Michael Seibel (partner at Y Combinator) said that a 10-minute pitch is a waste of time and you should be able to get it all done in two minutes, even when talking to investors.
“One thing I like to tell founders is the more you talk, the more you have an opportunity to say something that people don’t like. Talk less and it will probably be better.”
– Michael Seibel
So, for your 2-minute pitch, start with the 30-second pitch and then add the following points, ideally covering each in a single sentence:
1. What is your unique insight?
What are you bringing to the table that your competition isn’t? What is your ‘secret sauce’?
Whatever you call it, this is the part where you want to tell the investor something you know about your industry and business that they don’t know. Their ideal expression should be kind of an ah-ha face. This one can be two sentences.
2. How do you make money?
Seibel said that founders can be weird about this point, especially if the answer is advertising. But it’s best not to beat around the bush or sugarcoat it because then it just seems like you have no idea how you’re going to make money.

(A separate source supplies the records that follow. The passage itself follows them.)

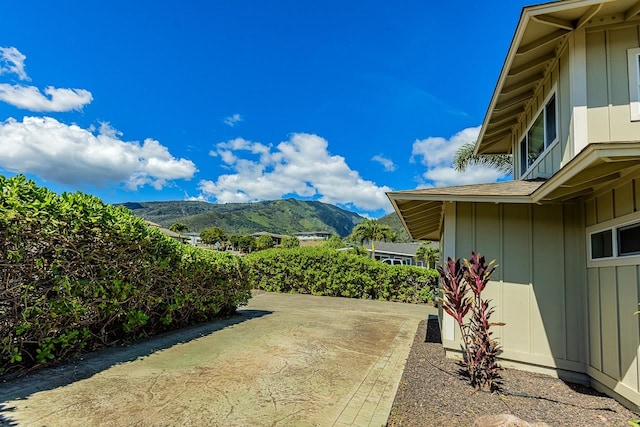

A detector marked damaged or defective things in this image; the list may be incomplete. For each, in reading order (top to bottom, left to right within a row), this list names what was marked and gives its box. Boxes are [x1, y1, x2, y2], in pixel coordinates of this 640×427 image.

cracked concrete slab [0, 292, 436, 426]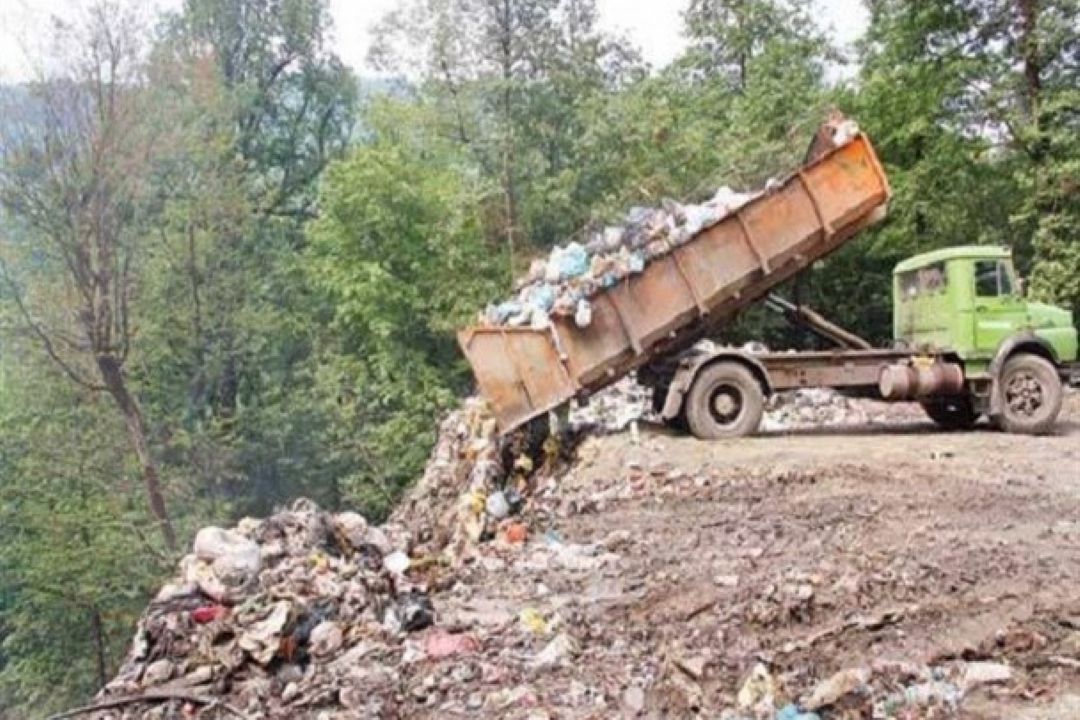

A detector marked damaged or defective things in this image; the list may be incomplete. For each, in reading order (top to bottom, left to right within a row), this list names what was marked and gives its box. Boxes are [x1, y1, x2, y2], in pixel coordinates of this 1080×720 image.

rusty dump bed [460, 132, 889, 431]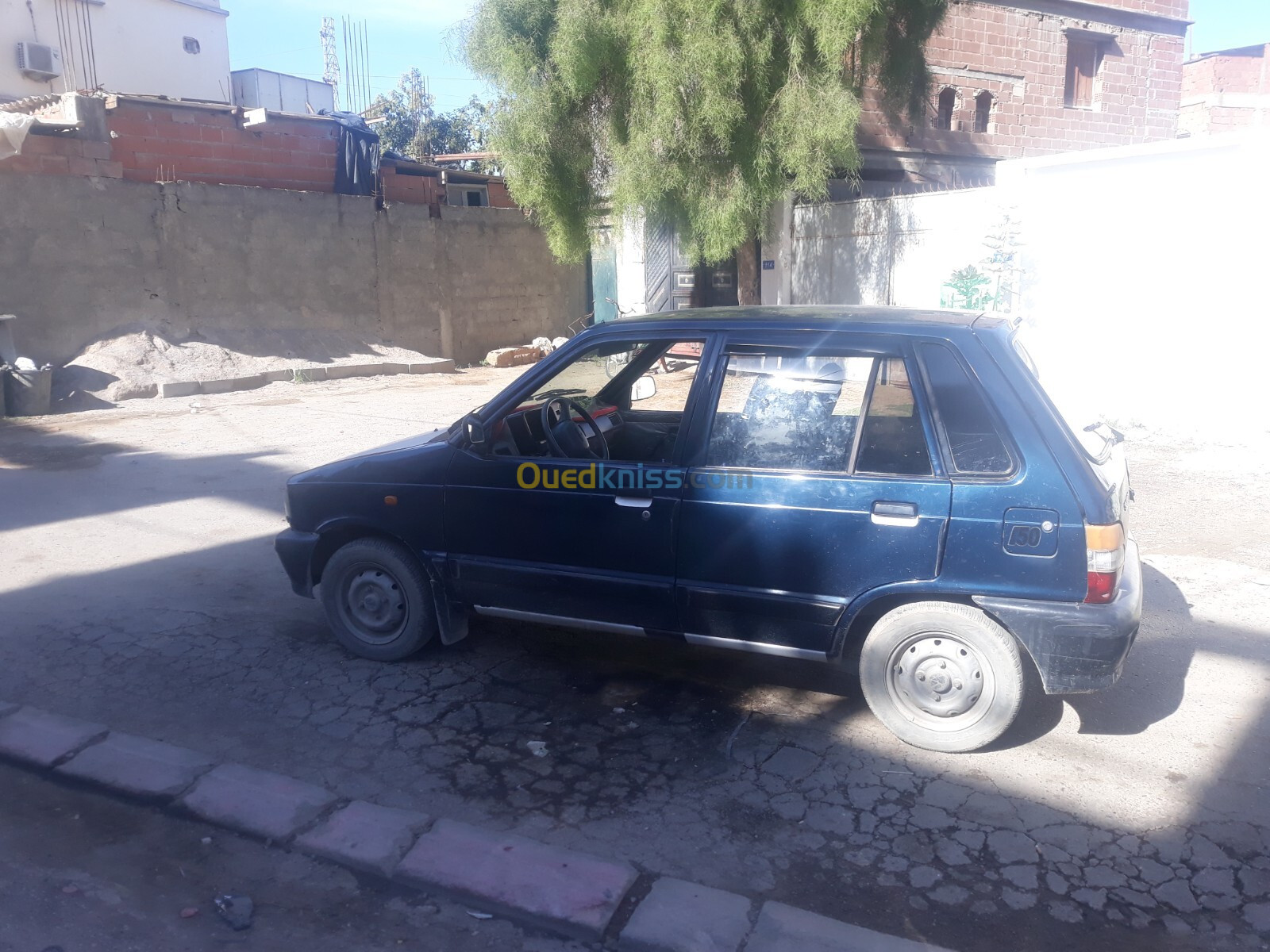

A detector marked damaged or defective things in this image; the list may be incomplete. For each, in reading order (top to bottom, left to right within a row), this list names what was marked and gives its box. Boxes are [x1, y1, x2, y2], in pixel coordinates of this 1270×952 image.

cracked pavement [2, 375, 1270, 952]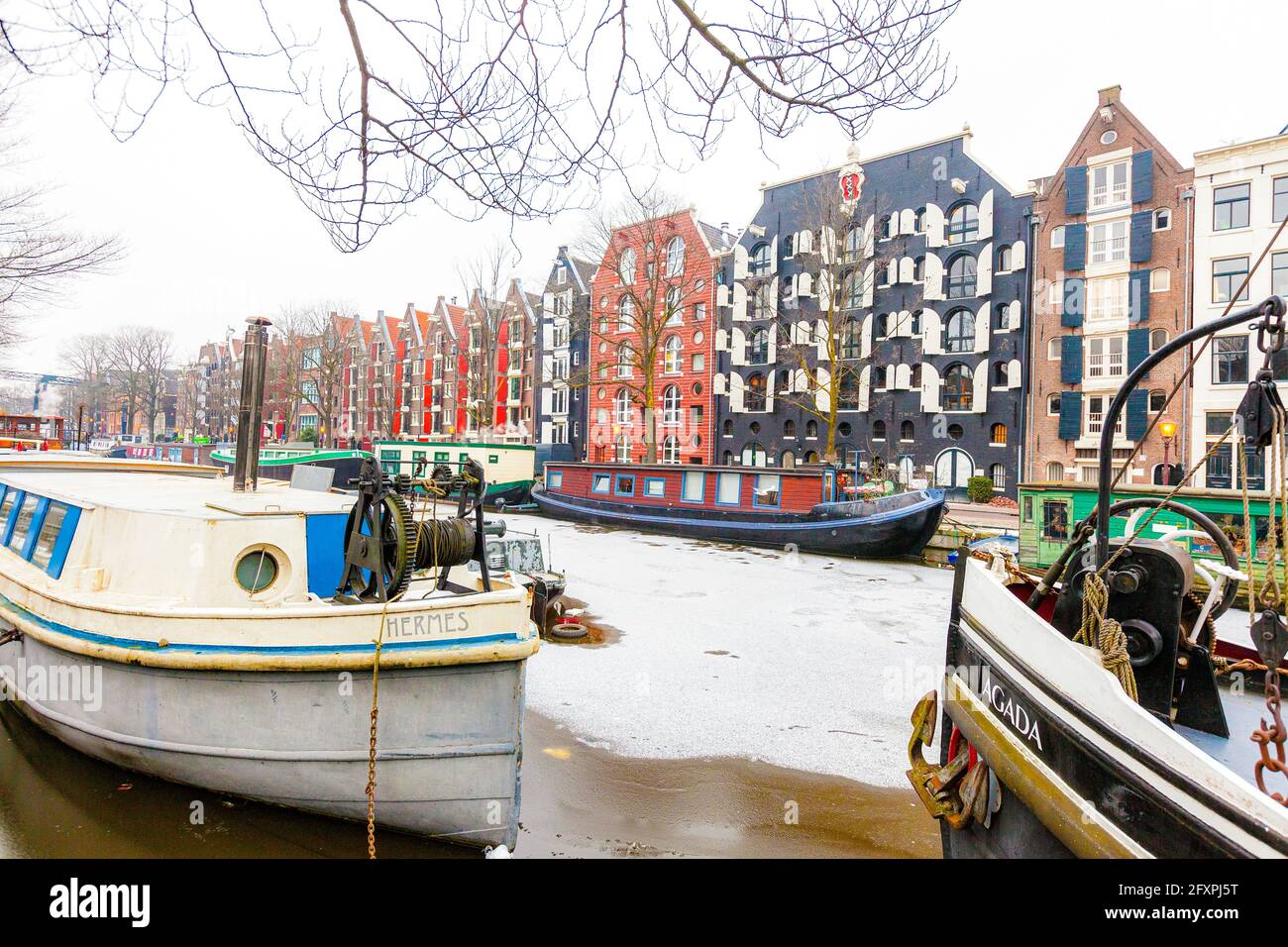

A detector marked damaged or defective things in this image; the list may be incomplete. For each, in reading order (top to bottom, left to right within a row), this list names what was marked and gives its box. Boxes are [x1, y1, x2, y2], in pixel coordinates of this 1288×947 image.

He said don’t run away from this sentence. Speak simply and directly about how you plan to make money and then move on.
3. Who’s on your team?
To investors, the best achievements of the people on your team are going to be the ones that made investors money, seeing as they’re also investors who want to make money. Even if you don’t have that on your founding team’s résumé, do not resort to listing PhDs.
The investor wants to know how many founders you have — Seibel said, preferably between two and four. They also want to know: how many are technical and how many are business-oriented? And, how long have you known each other and how did you meet?